Wreck-It Ralph - This is another one that’s tricky to predict. Walt Disney Animation Studios finally scored a huge hit with Tangled, which went on to gross $200 million, making it the highest grossing Disney animated feature since Tarzan in 1999. (Though Tarzan sold more tickets) Disney’s animated films have been getting good critical reception as of late, but terrible marketing is causing them to underperform. One must look at the multipliers. Bolt and The Princess and the Frog were poorly marketed, and consequently grossed less than $30 million on their opening weekends. They had strong legs and climbed to $100 million, which isn’t easy for most films. Tangled was lucky, grossing $48 million on its opening weekend and getting an extra boost from Thanksgiving week. Now if Bolt and Frog had big openings like that, $170-200 million would’ve been easy for them to reach.
This proves that audiences DID like these films, but Disney’s marketing department sells them short, which is why they have a hard time at the domestic box office. They did the same thing to Winnie the Pooh last summer. Now Winnie the Pooh wasn’t blockbuster material to begin with, but they could’ve had a good-sized success (somewhere between $80 million and $100 million) on their hands, but no. Instead, they put barely any effort into marketing it and just threw it out in the middle of a competitive summer. What were they thinking?!
The same thing will probably happen to Wreck-It Ralph if they pull these shenanigans. Wreck-It Ralph is an INCREDIBLY risky film. It doesn’t have four-quadrant appeal, and it’s an ambitious adventure comedy about video games. I can’t see tons of people flocking to see a Disney animated film that has a video game setting. Disney needs to market this as an event, and with a good-sized opening weekend (somewhere around $50 million), it can garner excellent word of mouth and easily pass the $200 million mark. Why can’t Disney do this? Walt Disney Animation Studios is back on track, and these films need to be successful. Disney executives see the rather disappointing box office returns (a gross below $120 million domestically), ambitious projects get scrapped. We don’t want that, now do we?

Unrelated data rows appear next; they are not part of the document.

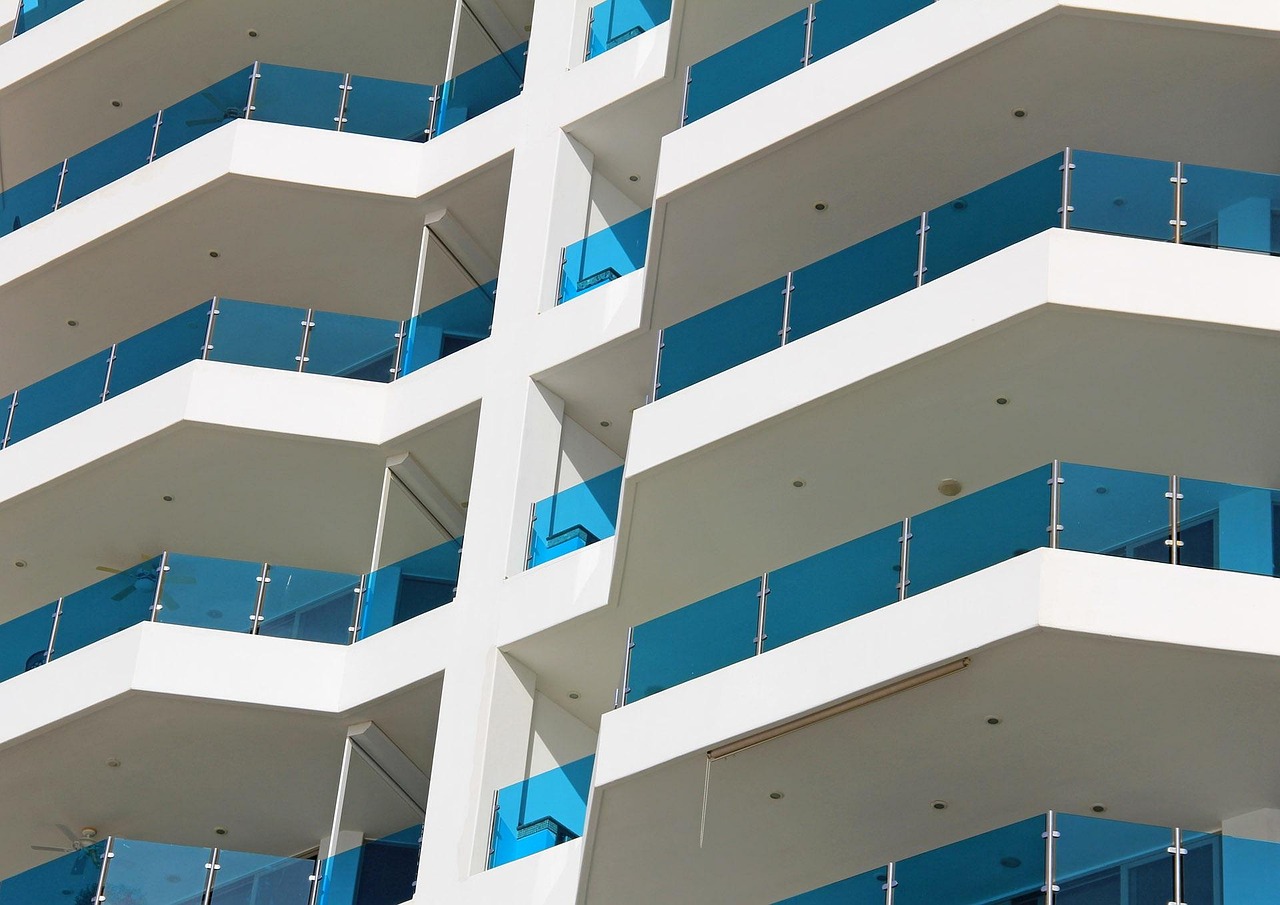 武漢蔡甸地鐵最新動態(tài)，建設(shè)進(jìn)展、未來展望一網(wǎng)打盡！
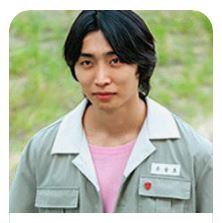 소년시대 등장인물 출연진 인물관계도 기본정보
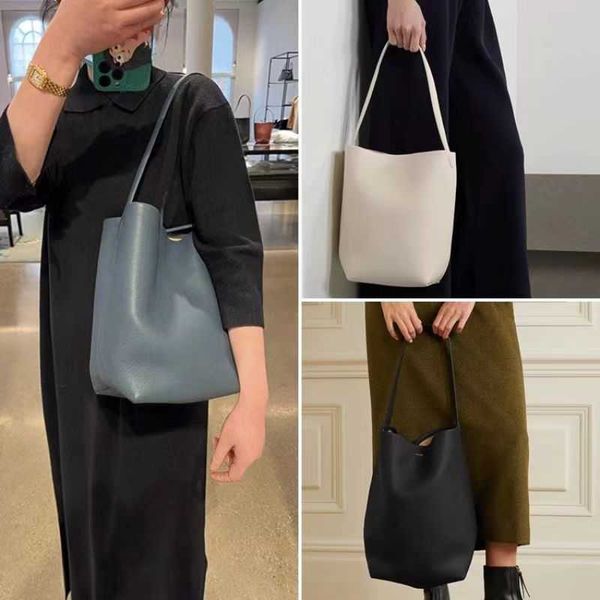 evening bags 2022 spring the r n/s park medium size cowhide classic tote designer bag
evening bags 2022 spring the r n/s park medium size cowhide classic tote designer bag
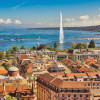 Geneva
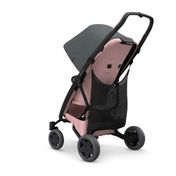 image-f1981bfe55b94d9cb7d25370d9cb0edc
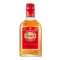 劲牌 中国劲酒 125ml/瓶_同仁堂官方云商城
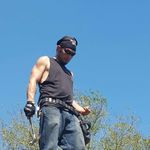 Audie King - @audieking610 - Instagram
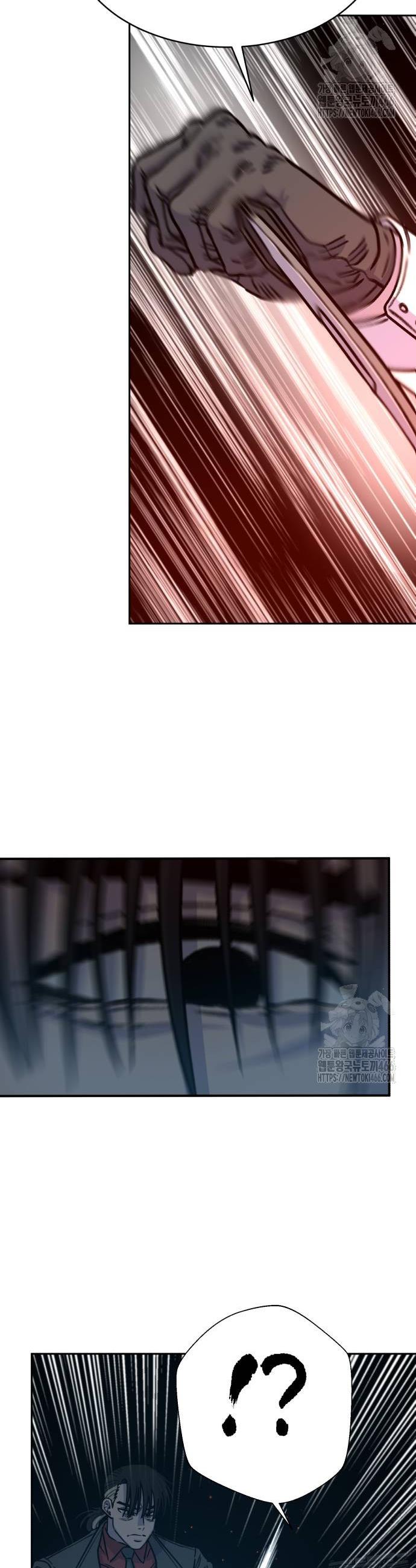 1735859646564r7jo32o6dhf.jpg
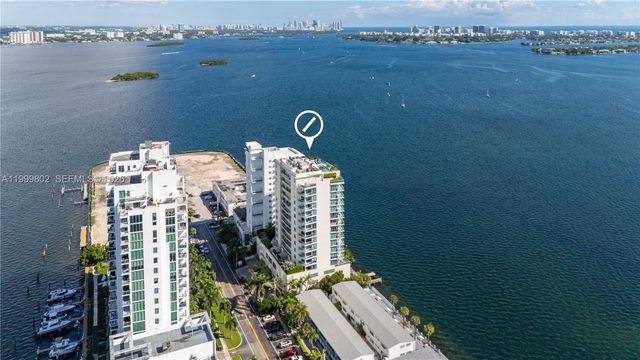 7935 East Dr 803, North Bay Village, FL 33141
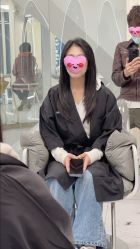 -5M HAIR SALON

Anyways, I expect this film to at least gross over $120 million at the domestic box office. It all depends on what the opening weekend is going to be. A good-sized multiplier is guaranteed, since all of the post-2007 Disney animated films had them. I’m hoping it could gross $200 million and be the ambitious blockbuster Disney has been waiting for. The risks would be worth it, and more projects like that will come. Remember when Disney took risks like The Hunchback of Notre Dame, Fantasia 2000, Atlantis: The Lost Empire and Treasure Planet? The films either underperformed or flopped, either due to poor marketing or a lack of faith in the projects by the executives.
Wreck-It Ralph is ambitious, and there’s a lot of care going into it unlike those films I just mentioned. Those films were produced when production on a Disney animated film was dictated by executives, sticking their spoons in the broth. Hunchback’s uneven blend of mature themes and childish comedy (the gargoyles) didn’t appeal to audiences. Fantasia 2000 wasn’t box office material to begin with. Atlantis felt restrained, as if it was only allowed to be ambitious at times. Treasure Planet had the same problem, while also being backed by terrible marketing.
This is why Ralph is tough to predict. The marketing will probably be a bust, but the film will probably score a good-sized multiplier. Hell, Tron: Legacy pulled a 3.7x multiplier. If that can gross $172 million domestically, so can Wreck-It Ralph. Disney needs to kick off the marketing campaign now. Tron’s marketing campaign kicked off a good year and a half before the film even came out. There’s no trailer for this film yet! We’ve gotten announcements sporadically. What’s taking them so long? They need to get this film out there. If they do that, it’ll be the success they are hoping for. Disney marketing executives ought to have more faith in the in-house animated films.